**Problem description:** Any picture must be dropped, but each line of the data should be duplicated exactly.

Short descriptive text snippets
Start of Block
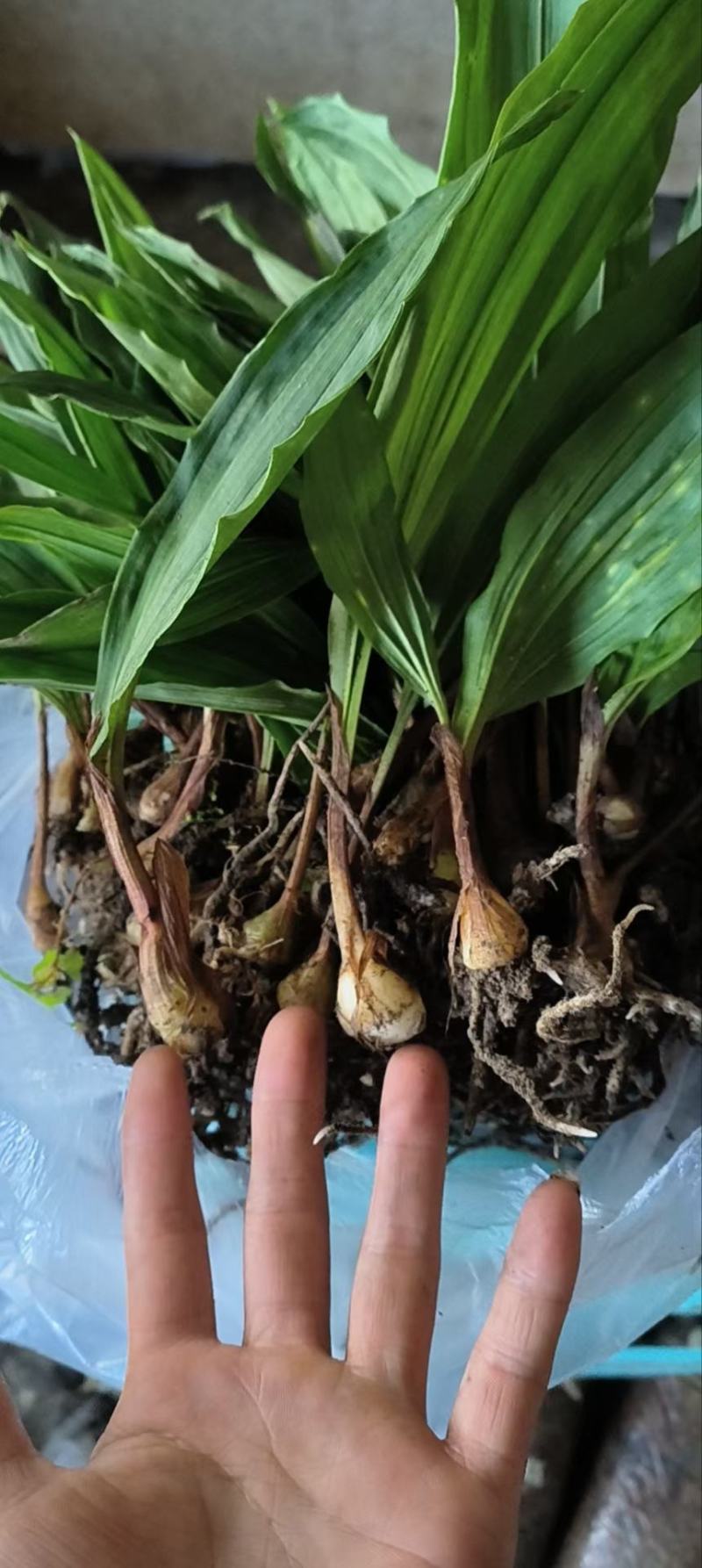 毛慈菇种苗冰球子泥冰子慈菇山茨菇正宗水白芨新品发布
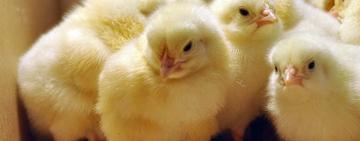 Автомагазини, кредитні установи і навіть продаж молодняка свійської птиці: уряд розширив перелік дозволених видів господарської діяльності під час карантину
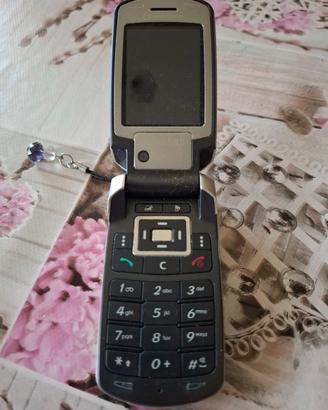 Cellulare Samsung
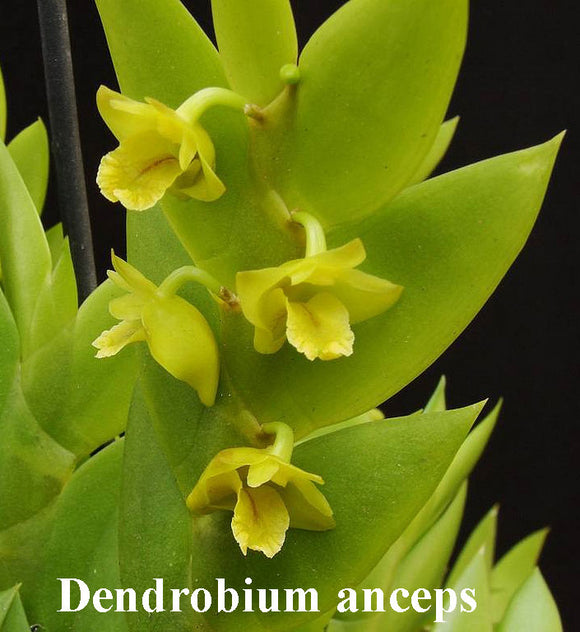Dendrobium anceps(m)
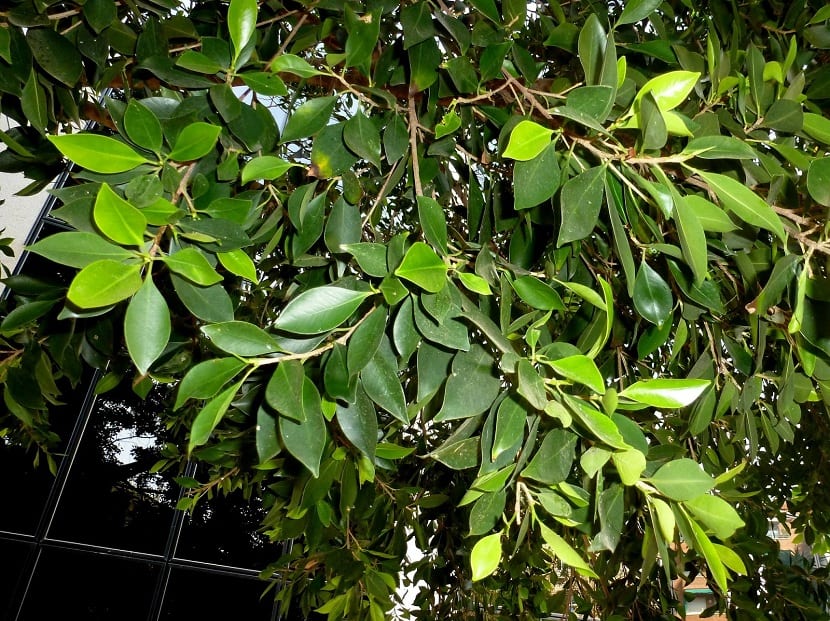 Hojas coriáceas y brillantes del laurel de la India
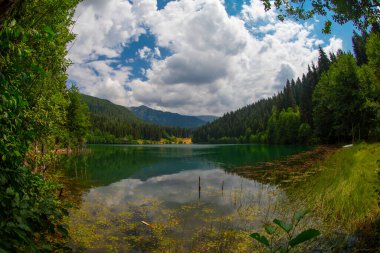 Savsat 'taki Karagol Gölü. Artvin, Türkiye. Göldeki ahşap iskele. Karagol 'da sonbahar manzarası. Gölü yansıtan güzel renkler ve manzara. Sahra Ulusal Parkı 'ndaki göl.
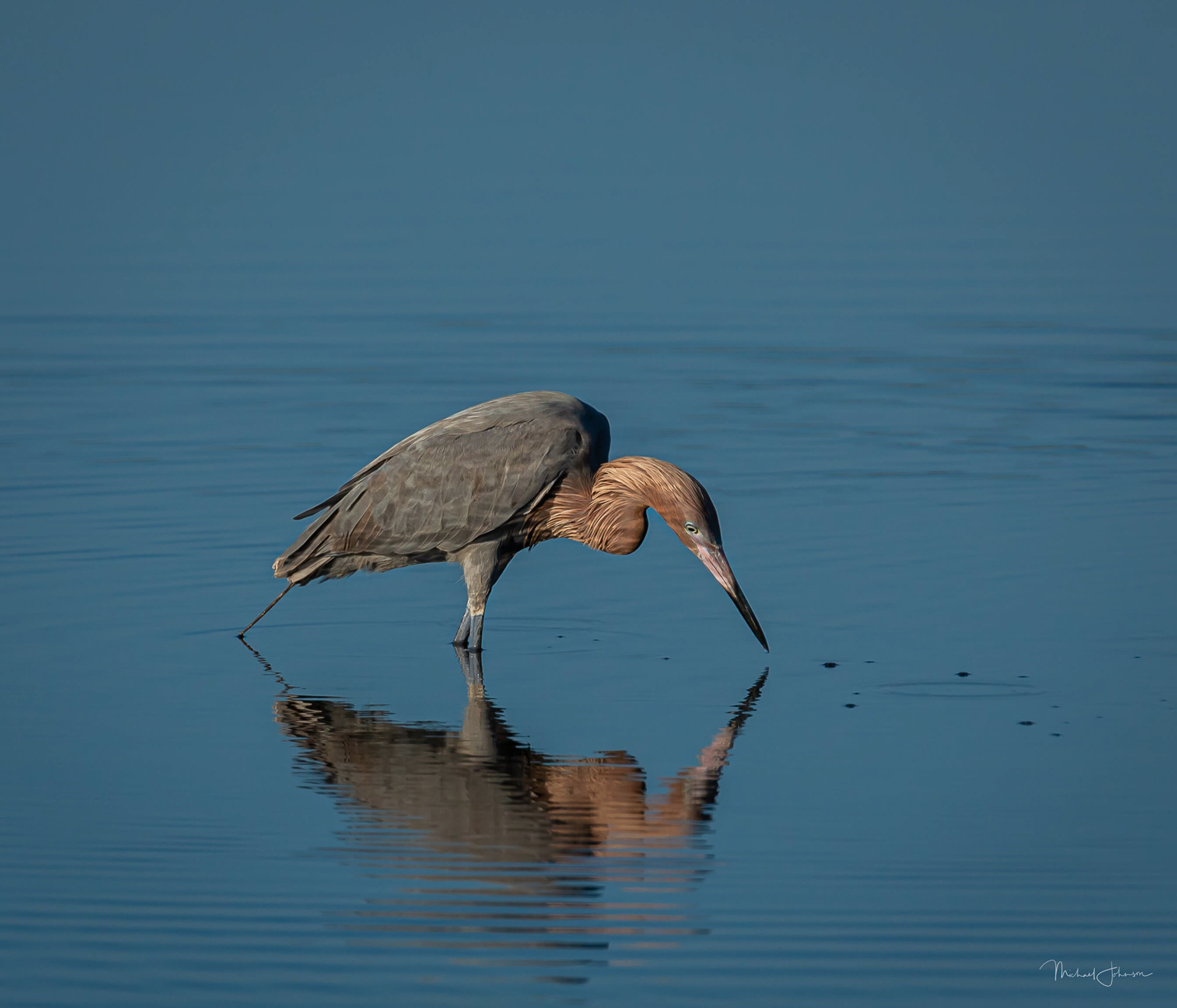Reddish Egret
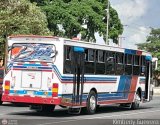 Transporte Palo Negro La Morita 2 105-A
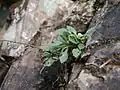 同じ株の根元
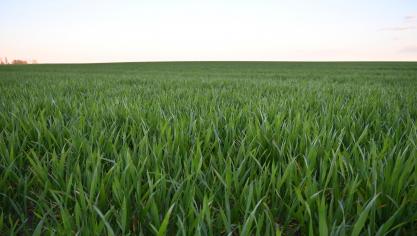 La septoriose progresse dans certaines parcelles de froment, principalement sur les feuilles basses, rendant indispensable une observation attentive afin d’adapter les interventions fongicides au niveau de pression et au stade de la culture.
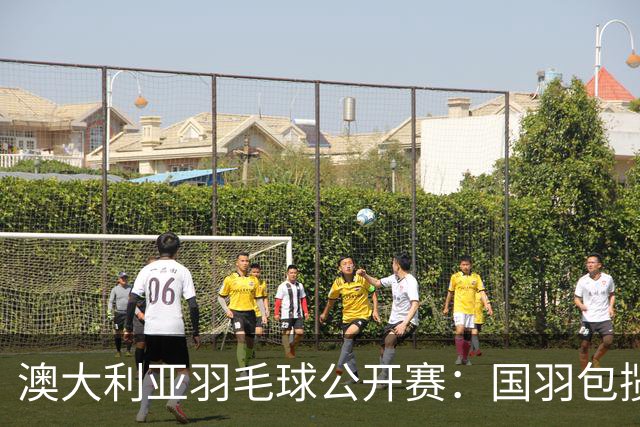 澳大利亚羽毛球公开赛：国羽包揽双打三项冠军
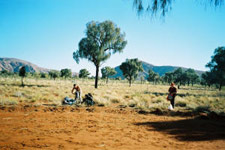 4WD Tours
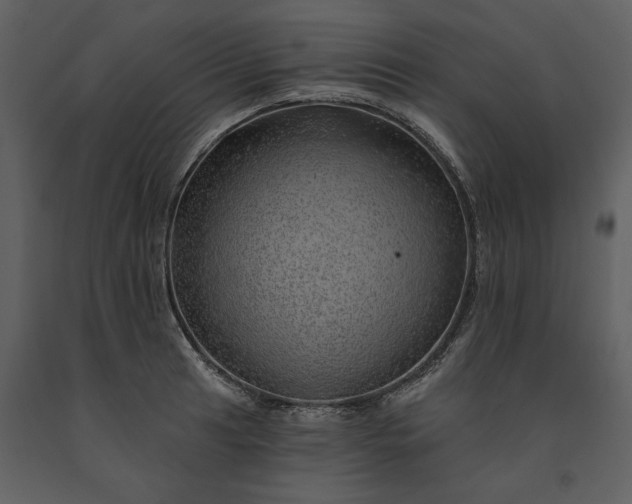 X0000091231041200708231650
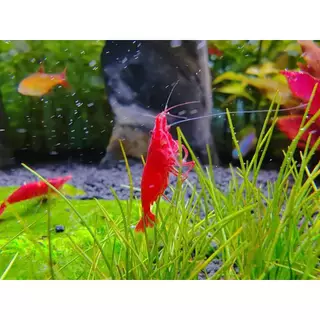 อาหารกุ้ง โปรตีน38% คาร์กิล แบ่งบรรจุ กลิ่่นหอม โตเร็ว โปรตีนสูง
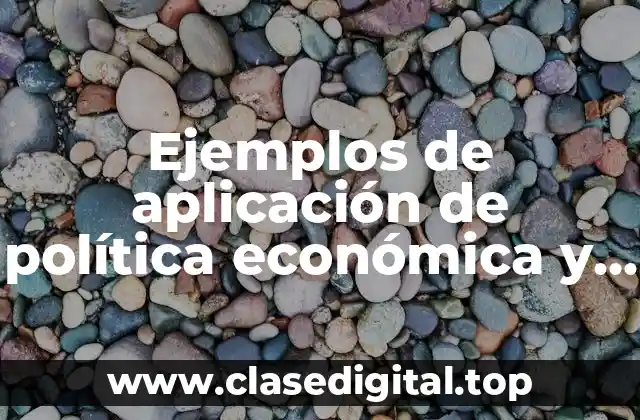 Ejemplos de aplicación de política económica y Significado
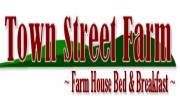 Town Street Farm
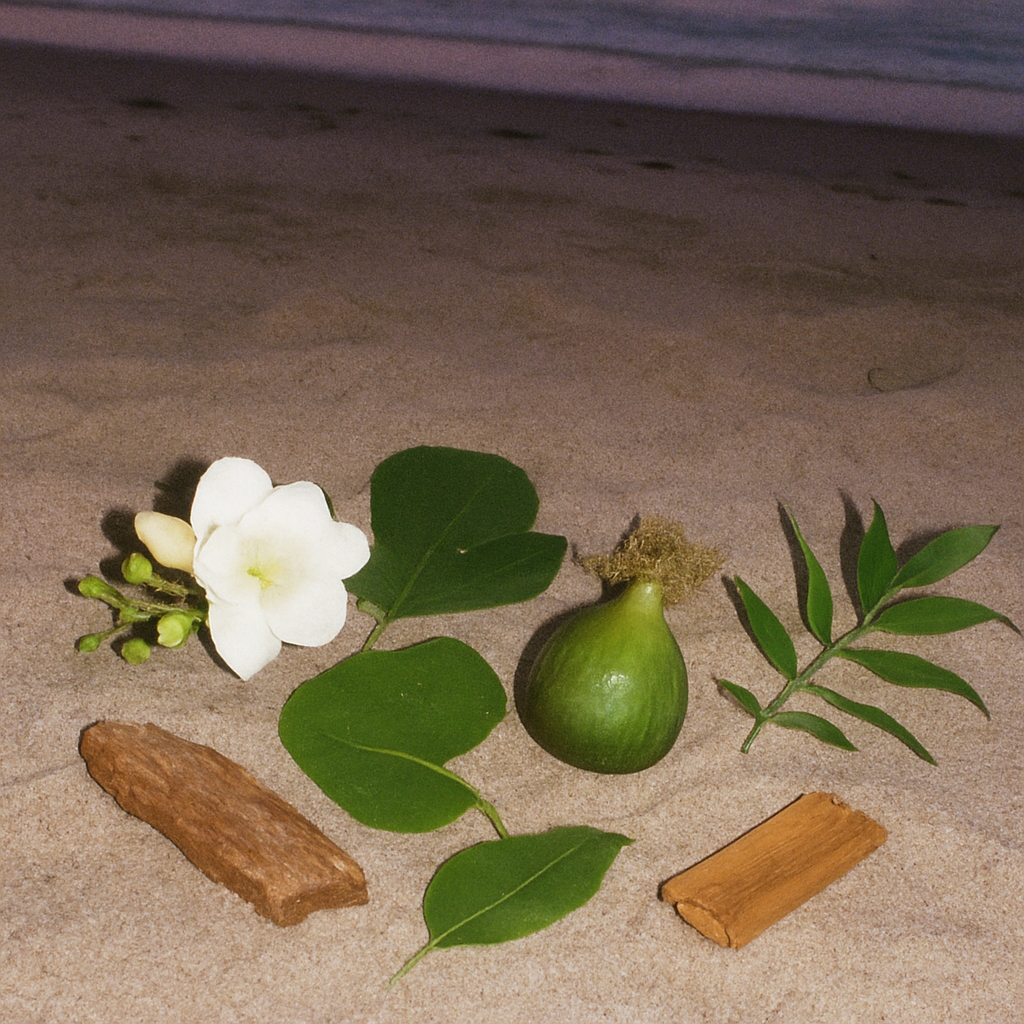 formentera scented candle with notes of fig leaf, jasmine, patchouli, vetiver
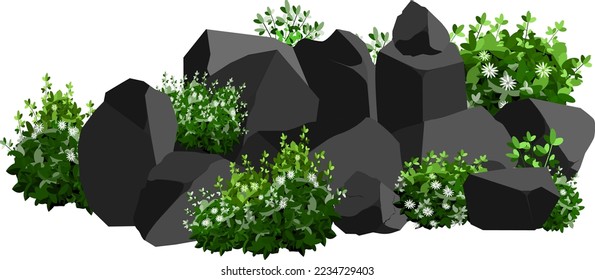 A set of black charcoal of various shapes and plants.Collection of pieces of coal, graphite, basalt and anthracite. The concept of mining and ore in a mine.Rock fragments and boulders.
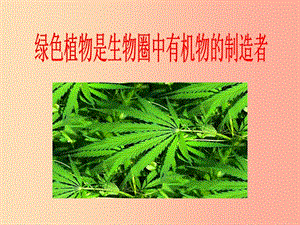 2019年七年級(jí)生物上冊(cè) 3.4《綠色植物是生物圈中有機(jī)物的制造者》課件1 新人教版.ppt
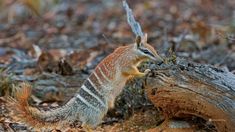 a small squirrel is standing on the ground near a tree trunk and looking at something in its mouth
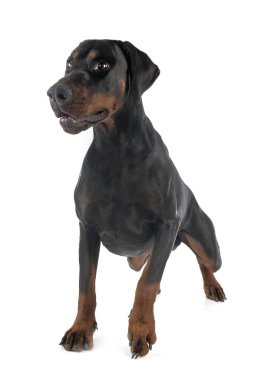 Doberman Pinscher stüdyoda.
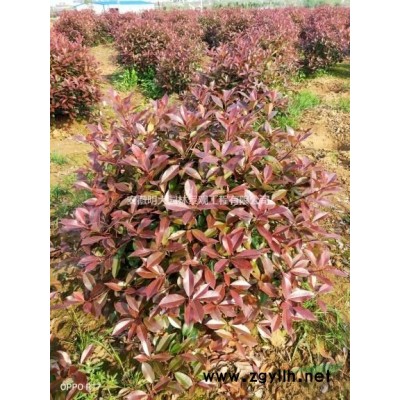 安徽30～50cm红叶石楠球、高杆红叶石楠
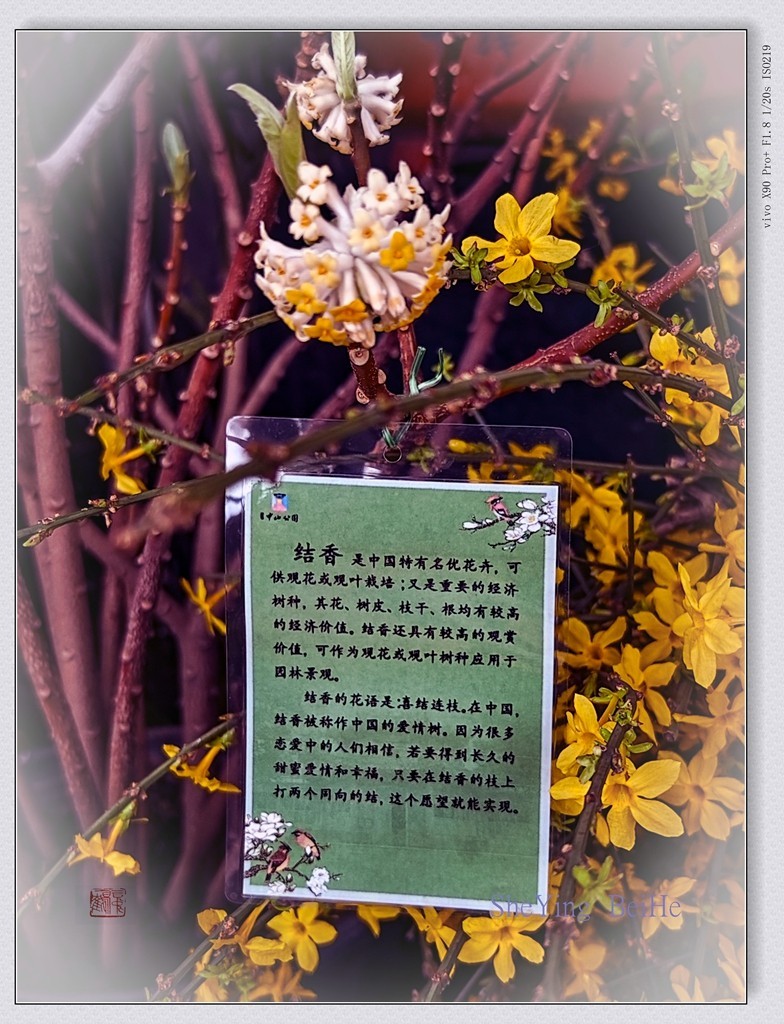 春花聚会《唐花坞》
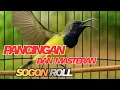 PANCINGAN DAN MASTERAN BURUNG SOGON AGAR CEPAT BUNYI ROLL PANJANG DAN MENJADI FIGTER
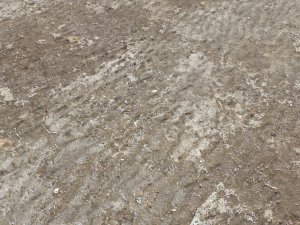 dirt terrain pbr pack 16 CG Tekstury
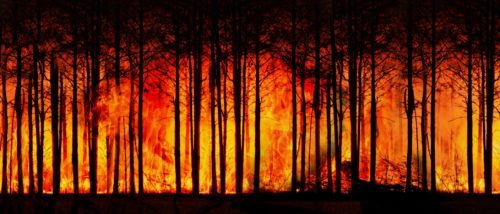 POŽAR SE PROŠIRIO U REKORDNOM ROKU Vatra u Francuskoj zahvatila 750 hektara u dolini rijeke Ardeš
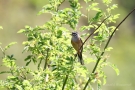 Zippammer (Emberiza cia)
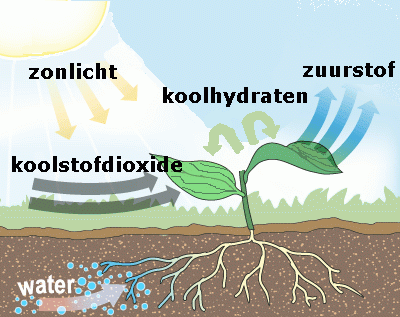 Afbeelding: voedsel kringloop planten Bron:webcc.corlaercollege.nl/leerjaar2/42__natuurlijk_evenwicht_en_kringlopen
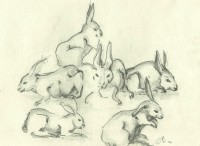 /album/desenhos/a38-jpg/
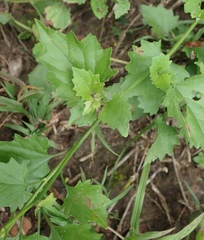 Microglossa mespilifolia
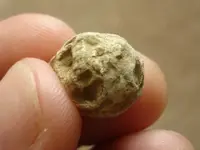chewed ball.webp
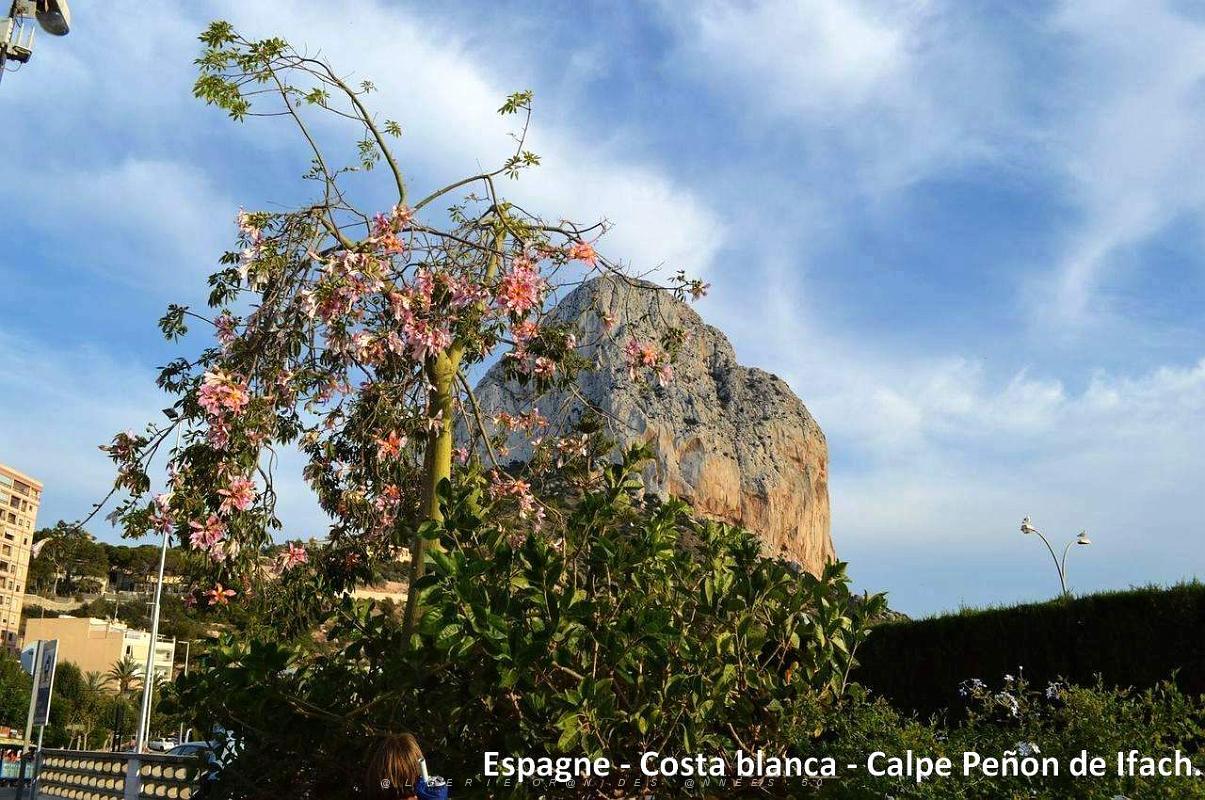 029- Calpe - Port.JPG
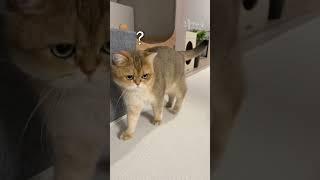 Cat's reaction to a kitten's cry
End of Block
**Answer space:**
 毛慈菇种苗冰球子泥冰子慈菇山茨菇正宗水白芨新品发布
 Автомагазини, кредитні установи і навіть продаж молодняка свійської птиці: уряд розширив перелік дозволених видів господарської діяльності під час карантину
 Cellulare Samsung
Dendrobium anceps(m)
 Hojas coriáceas y brillantes del laurel de la India
 Savsat 'taki Karagol Gölü. Artvin, Türkiye. Göldeki ahşap iskele. Karagol 'da sonbahar manzarası. Gölü yansıtan güzel renkler ve manzara. Sahra Ulusal Parkı 'ndaki göl.
Reddish Egret
 Transporte Palo Negro La Morita 2 105-A
 同じ株の根元
 La septoriose progresse dans certaines parcelles de froment, principalement sur les feuilles basses, rendant indispensable une observation attentive afin d’adapter les interventions fongicides au niveau de pression et au stade de la culture.
 澳大利亚羽毛球公开赛：国羽包揽双打三项冠军
 4WD Tours
 X0000091231041200708231650
 อาหารกุ้ง โปรตีน38% คาร์กิล แบ่งบรรจุ กลิ่่นหอม โตเร็ว โปรตีนสูง
 Ejemplos de aplicación de política económica y Significado
 Town Street Farm
 formentera scented candle with notes of fig leaf, jasmine, patchouli, vetiver
 A set of black charcoal of various shapes and plants.Collection of pieces of coal, graphite, basalt and anthracite. The concept of mining and ore in a mine.Rock fragments and boulders.
 2019年七年級(jí)生物上冊(cè) 3.4《綠色植物是生物圈中有機(jī)物的制造者》課件1 新人教版.ppt
 a small squirrel is standing on the ground near a tree trunk and looking at something in its mouth
 Doberman Pinscher stüdyoda.
 安徽30～50cm红叶石楠球、高杆红叶石楠
 春花聚会《唐花坞》
 PANCINGAN DAN MASTERAN BURUNG SOGON AGAR CEPAT BUNYI ROLL PANJANG DAN MENJADI FIGTER
 dirt terrain pbr pack 16 CG Tekstury
 POŽAR SE PROŠIRIO U REKORDNOM ROKU Vatra u Francuskoj zahvatila 750 hektara u dolini rijeke Ardeš
 Zippammer (Emberiza cia)
 Afbeelding: voedsel kringloop planten Bron:webcc.corlaercollege.nl/leerjaar2/42__natuurlijk_evenwicht_en_kringlopen
 /album/desenhos/a38-jpg/
 Microglossa mespilifolia
chewed ball.webp
 029- Calpe - Port.JPG
 Cat's reaction to a kitten's cry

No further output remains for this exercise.